> _WHAT YOU SHOULD DO_
Below are the records; return every line from the one that contains "black romper" to the last, exactly, skipping the pictures.

> _TASK DATA_
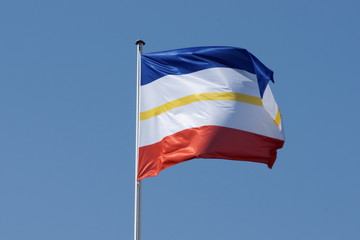 Mecklenburg-Vorpommern Dienstflagge v3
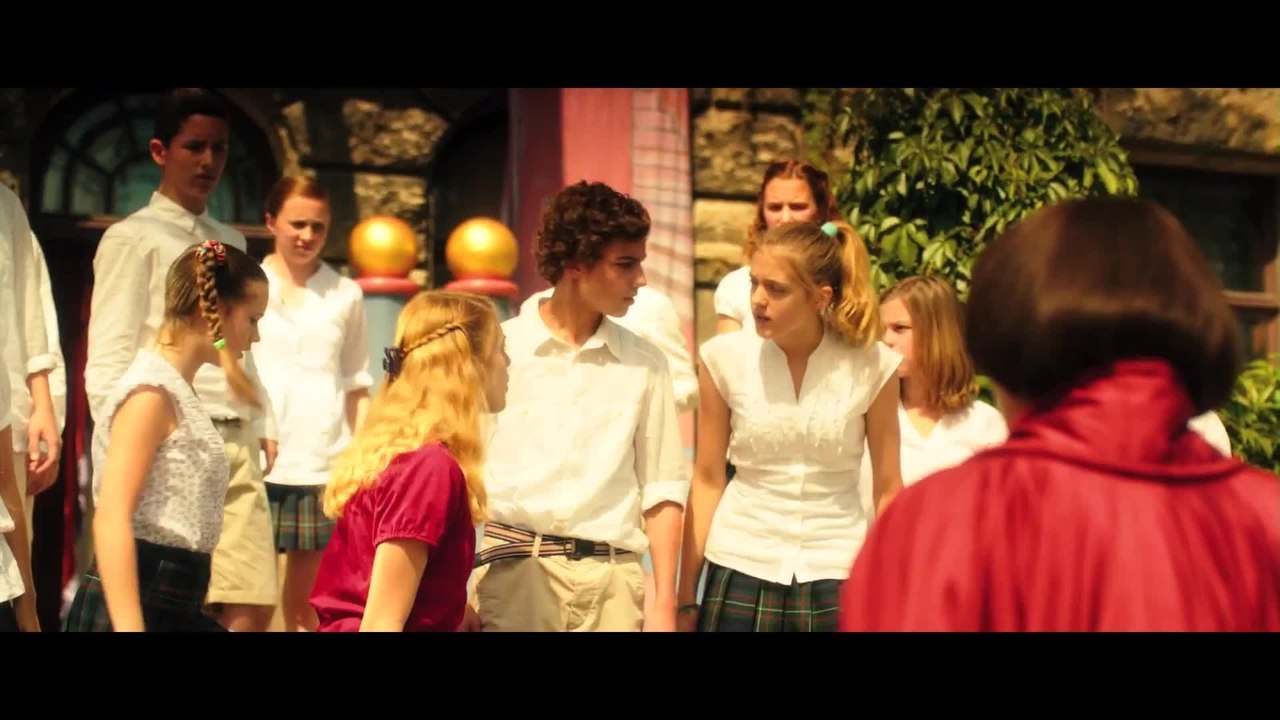 Hanni und Nanni 3 - Clip Hanni und Nanni streiten (Deutsch) HD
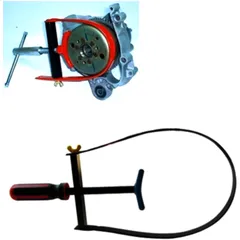 FLYWHEEL HOLDING TOOL 60-250MM JMP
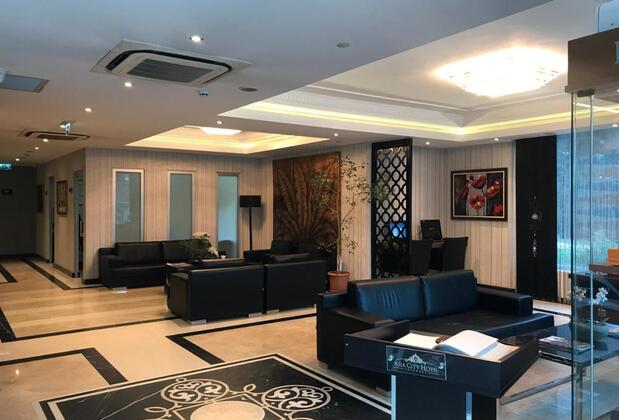 Asia City Hotel - Görsel 8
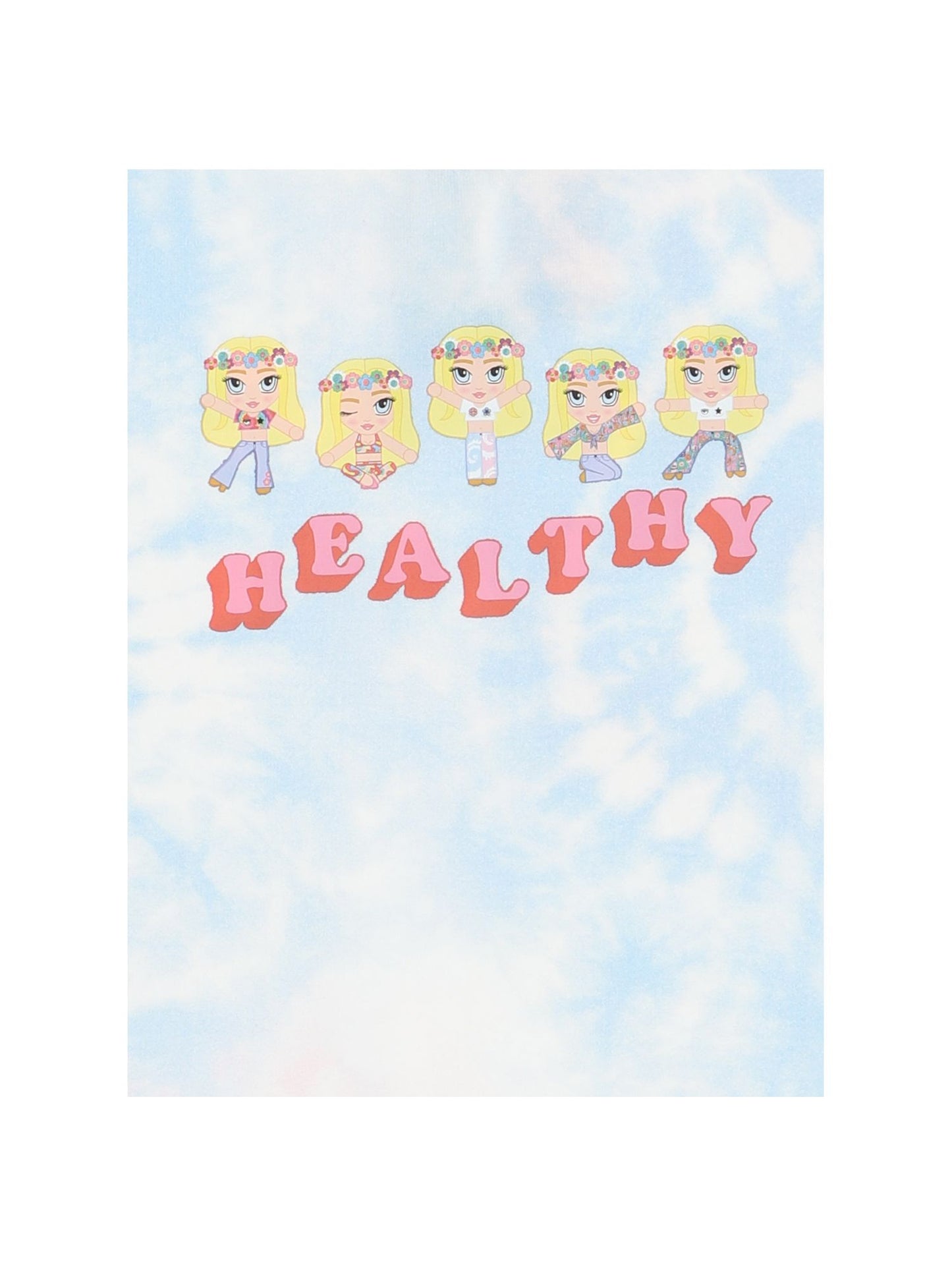 Tie-dye T-shirt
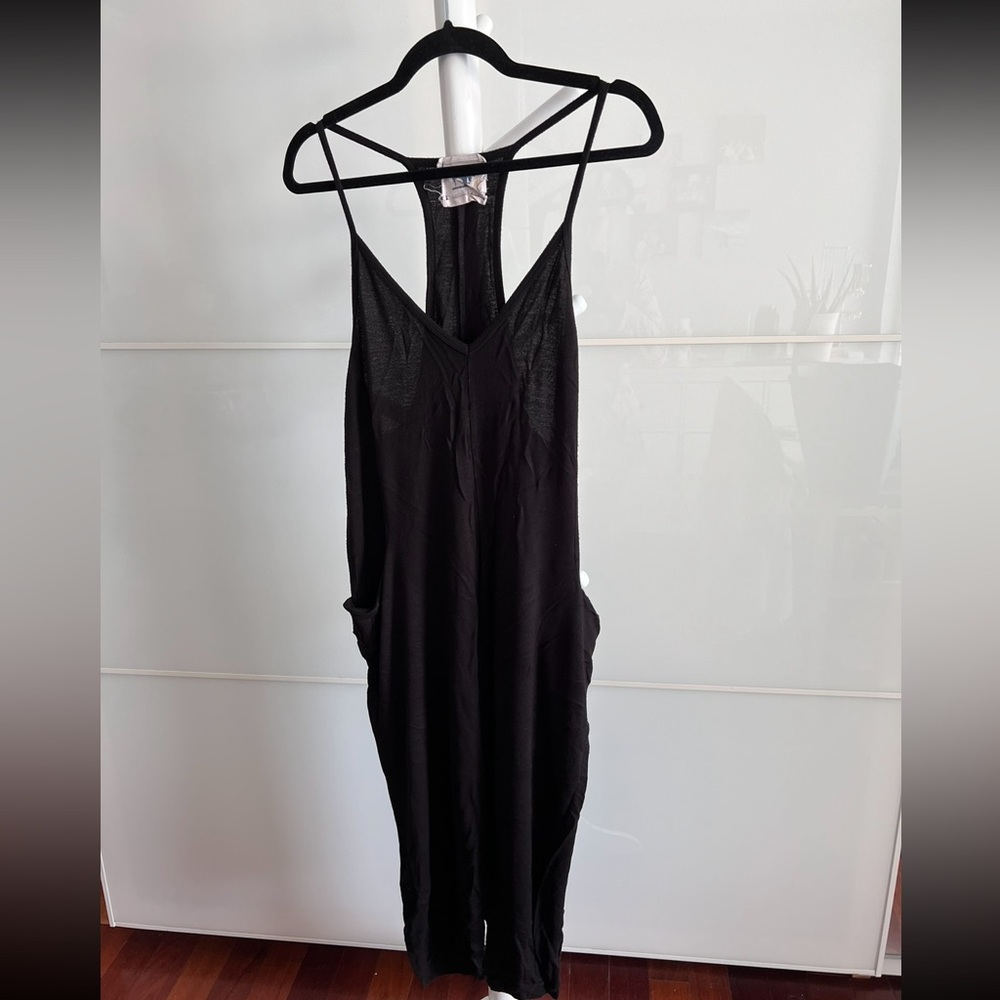 black romper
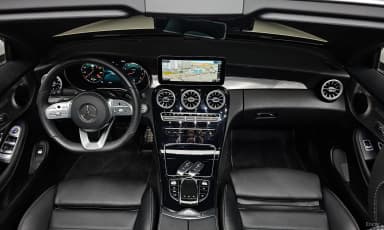 C-Class W205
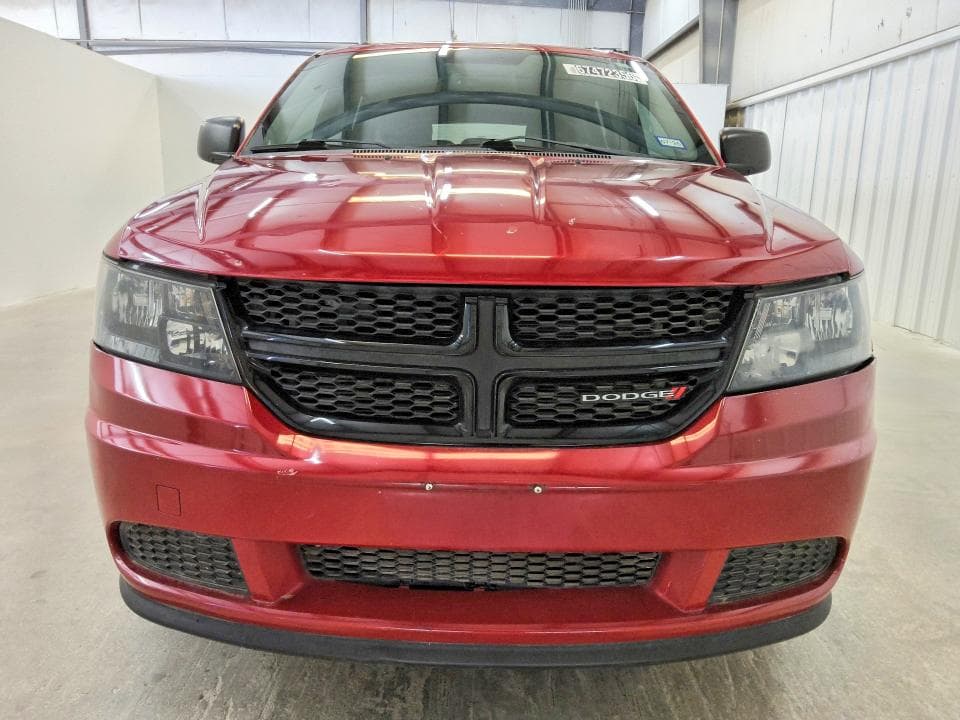 2017 DODGE JOURNEY SE 5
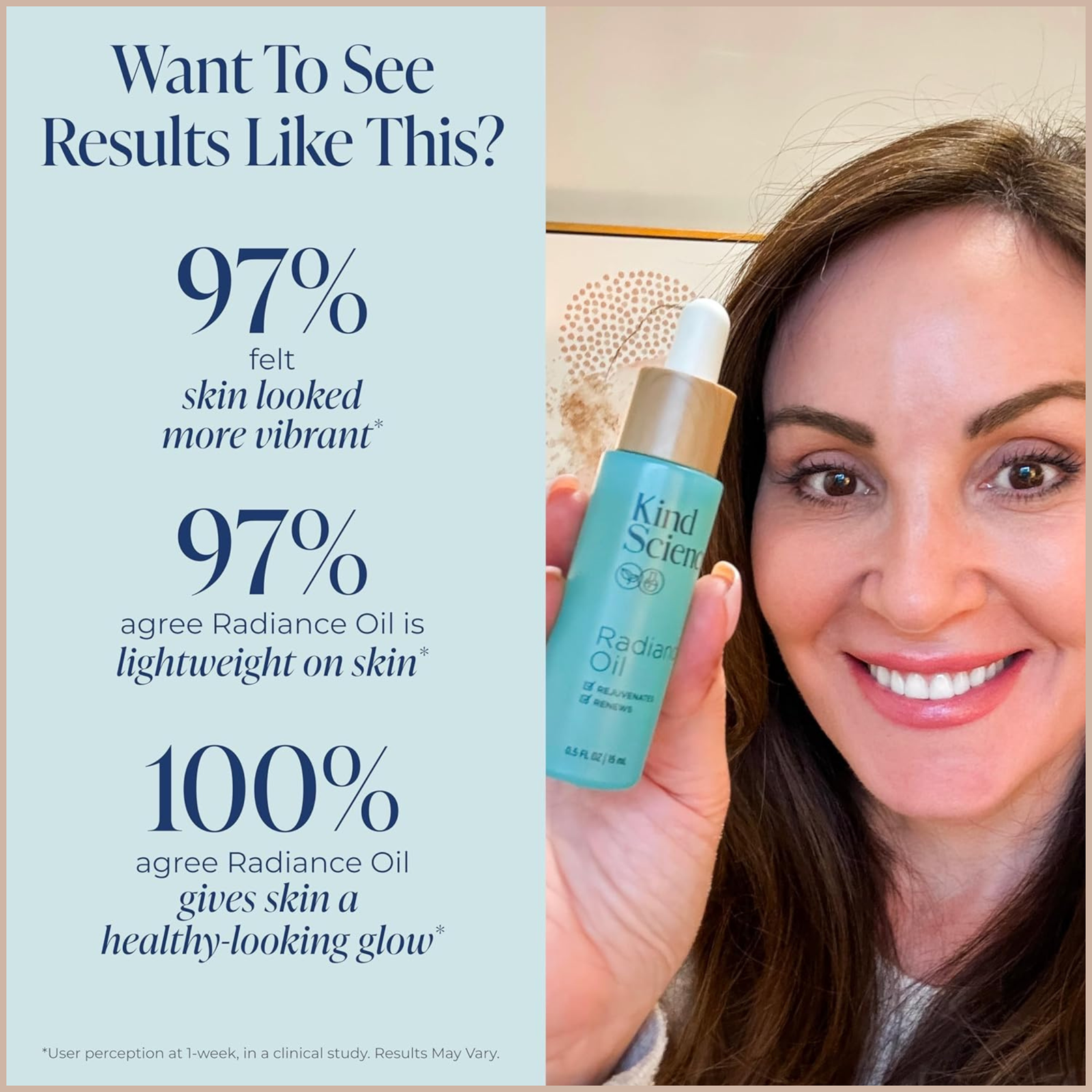 Anti-Aging Hydrating Facial Oil for Radiant, Smooth Skin - Image 2
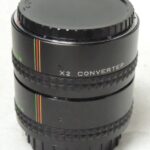 Makinon Auto Extension Tube + 2 x Converter  - Rollei SL35 Fit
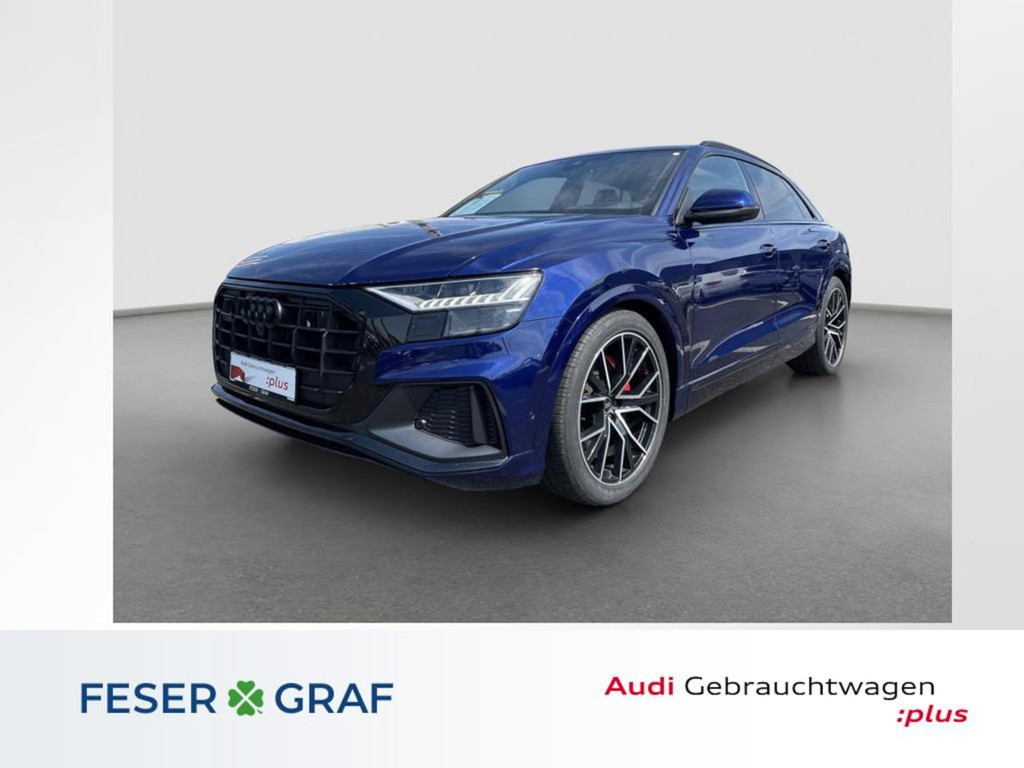 Audi Q8 Quattro 50 TDI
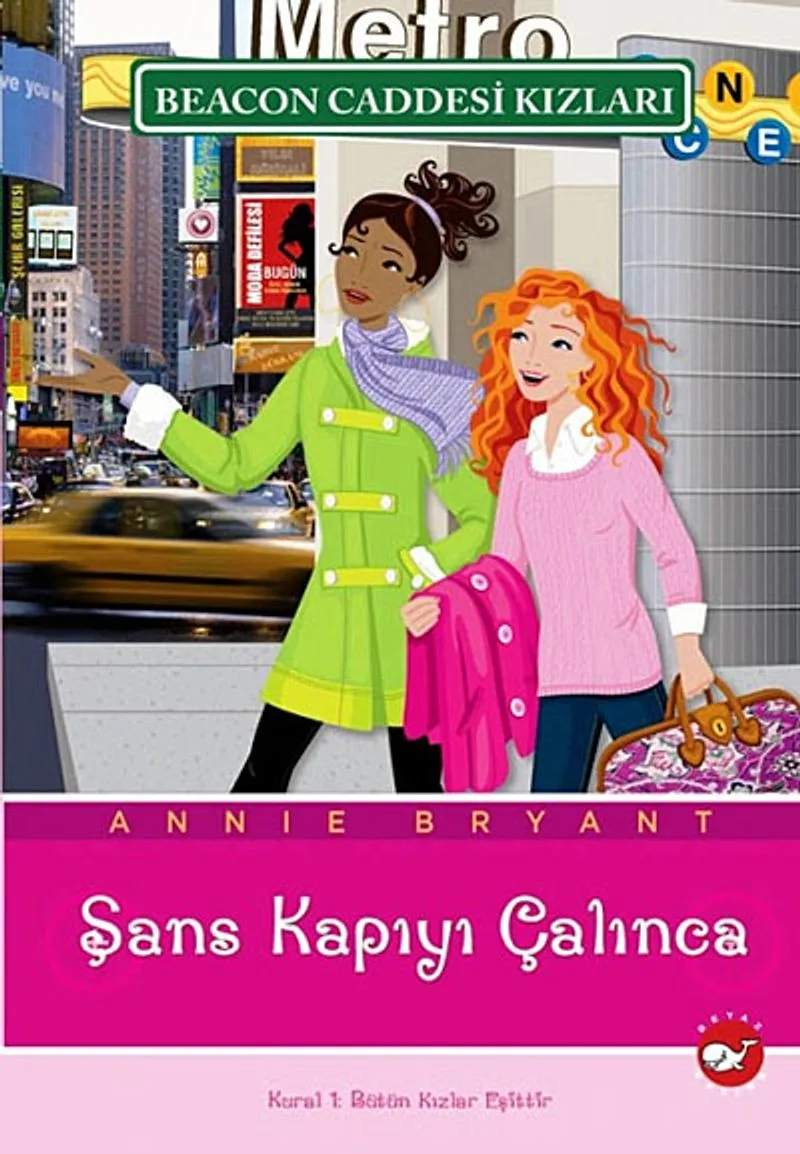 Şans Kapıyı Çalınca Beacon Caddesi Kızları -9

> _TASK RESPONSE_
 black romper
 C-Class W205
 2017 DODGE JOURNEY SE 5
 Anti-Aging Hydrating Facial Oil for Radiant, Smooth Skin - Image 2
 Makinon Auto Extension Tube + 2 x Converter  - Rollei SL35 Fit
 Audi Q8 Quattro 50 TDI
 Şans Kapıyı Çalınca Beacon Caddesi Kızları -9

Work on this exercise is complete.